Repeat the records word for word, excluding any picture.
■ ■ ■ ■
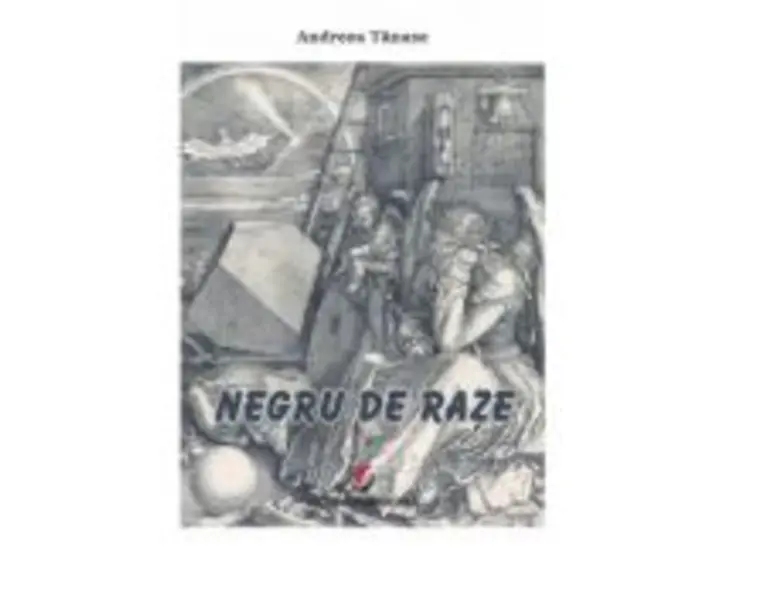Negru de raze - Andreea Tanase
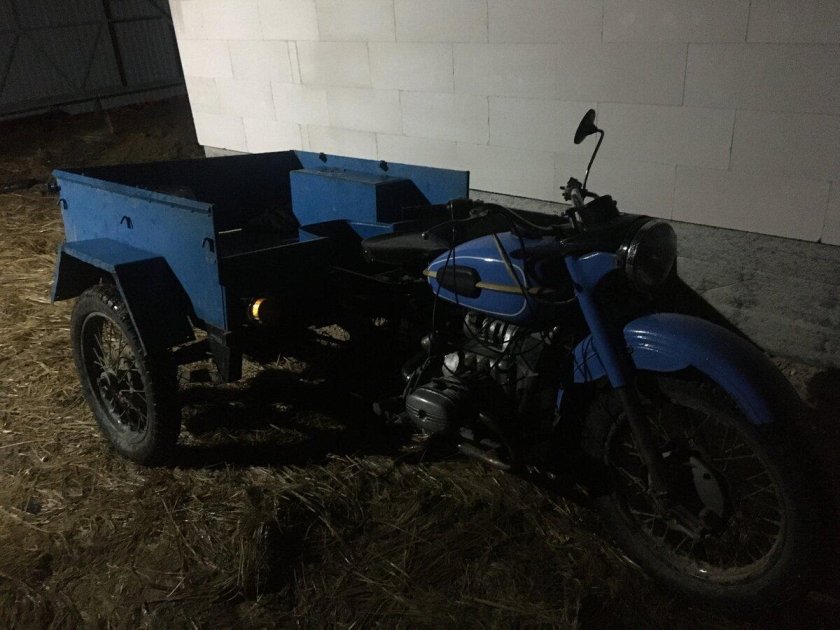 Мг-350 Урал грузовой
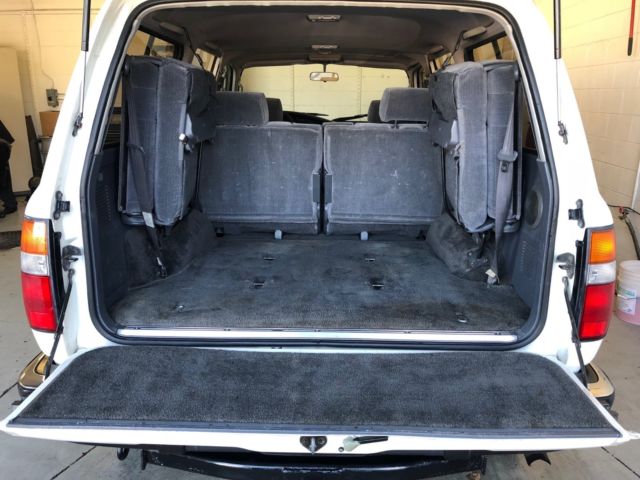 1994 White Toyota Land Cruiser SUV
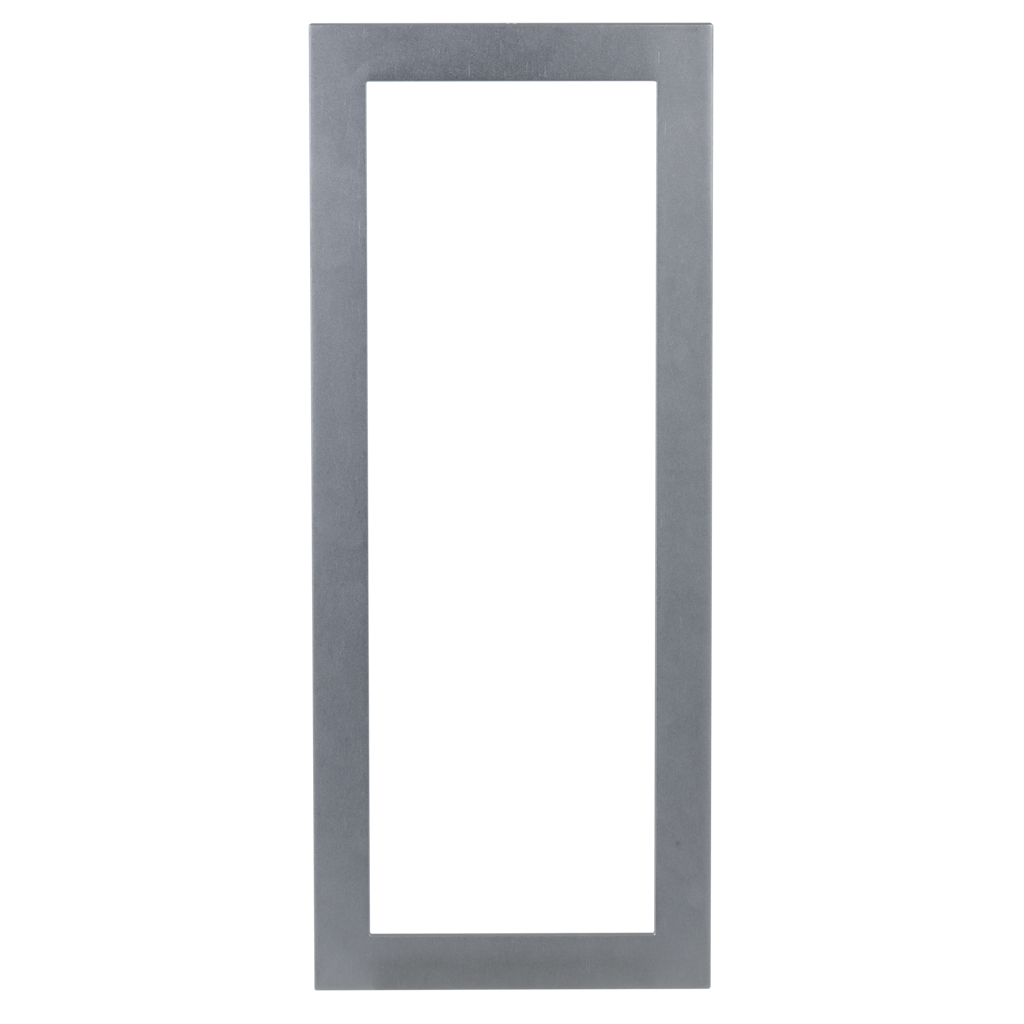 Marco Exterior para 3 módulos de Videoportero Dahua para Serie VTO4xxxF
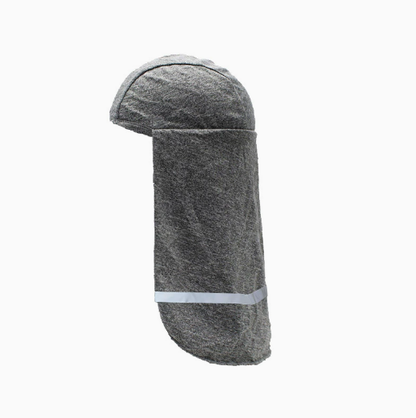 2 Pieces Hard Hat Sun Shade with Neck Flap for Outdoor Activities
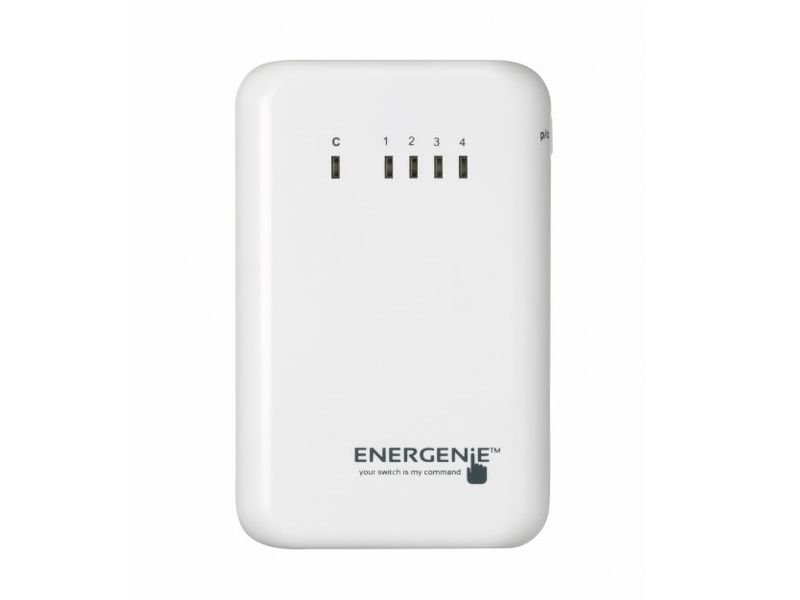 2500 mAh Universal Power Bank White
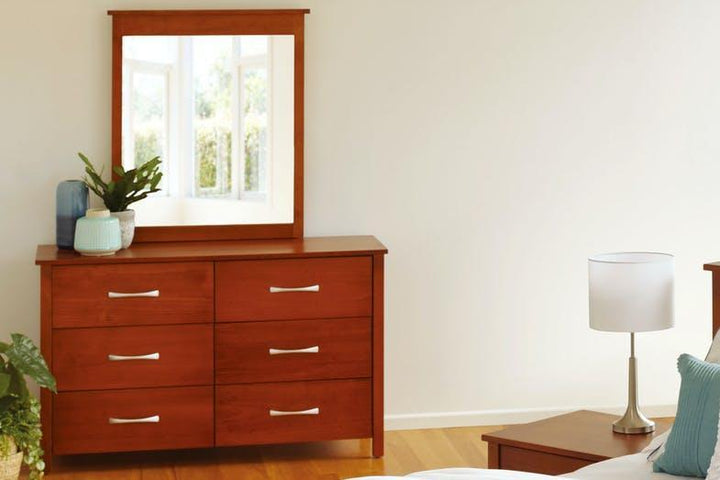 Dresser with Mirror, CD05 - Classic Furniture Dubai UAE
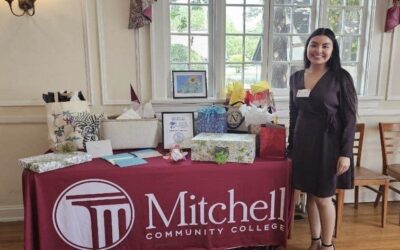 College Shower honors SWC Scholarship Winner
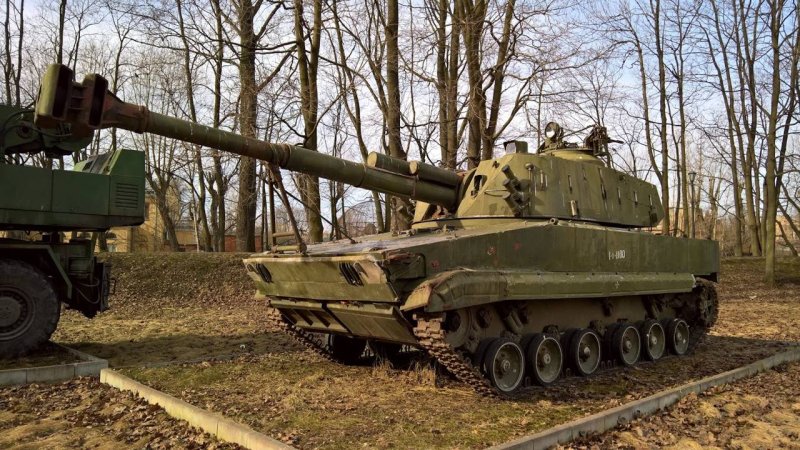 152-Мм самоходной гаубицы 2с18 «ПАТ-С»
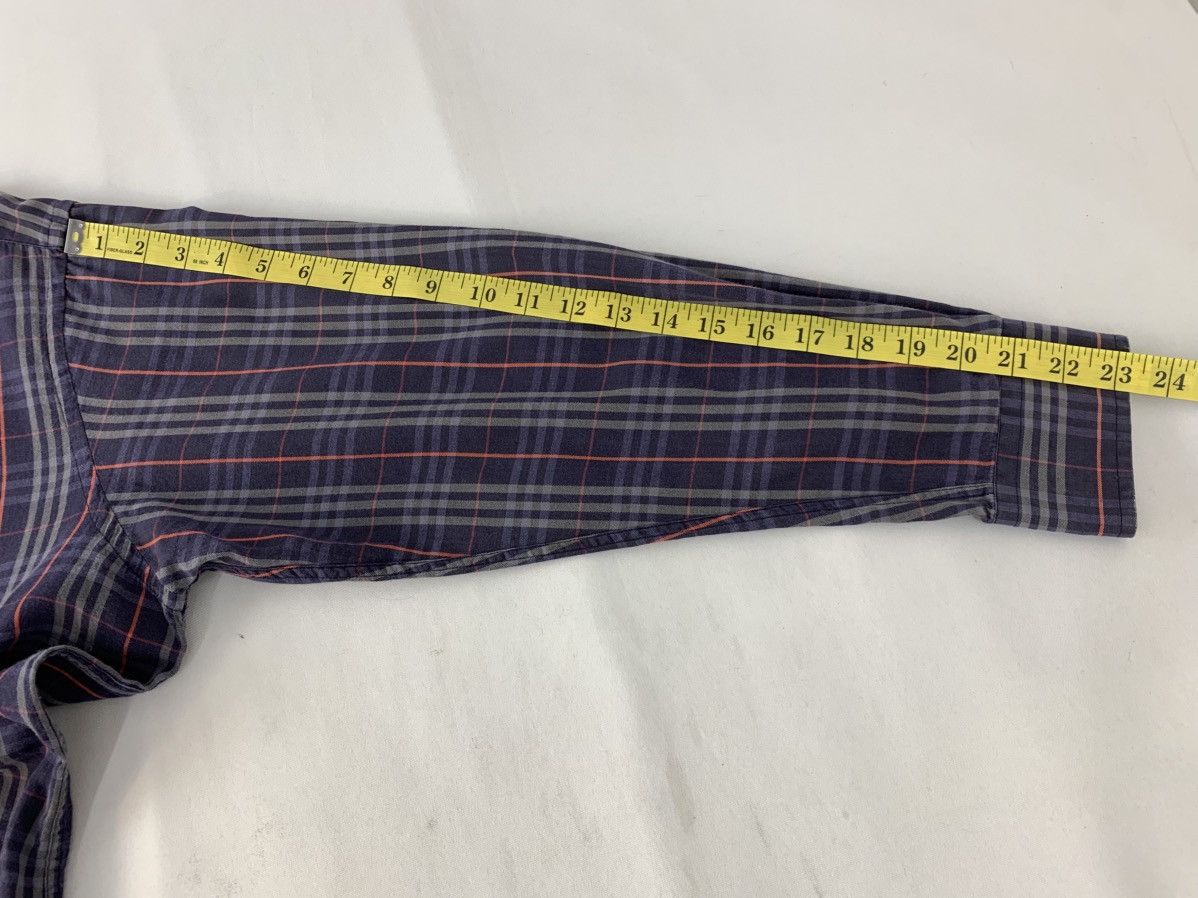 Burberry 90s Burberrys Of London Checked Button Up Shirt Size US XL / EU 56 / 4 - 12 Thumbnail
■ ■ ■ ■
**Response to this exercise**:
Negru de raze - Andreea Tanase
 Мг-350 Урал грузовой
 1994 White Toyota Land Cruiser SUV
 Marco Exterior para 3 módulos de Videoportero Dahua para Serie VTO4xxxF
 2 Pieces Hard Hat Sun Shade with Neck Flap for Outdoor Activities
 2500 mAh Universal Power Bank White
 Dresser with Mirror, CD05 - Classic Furniture Dubai UAE
 College Shower honors SWC Scholarship Winner
 152-Мм самоходной гаубицы 2с18 «ПАТ-С»
 Burberry 90s Burberrys Of London Checked Button Up Shirt Size US XL / EU 56 / 4 - 12 Thumbnail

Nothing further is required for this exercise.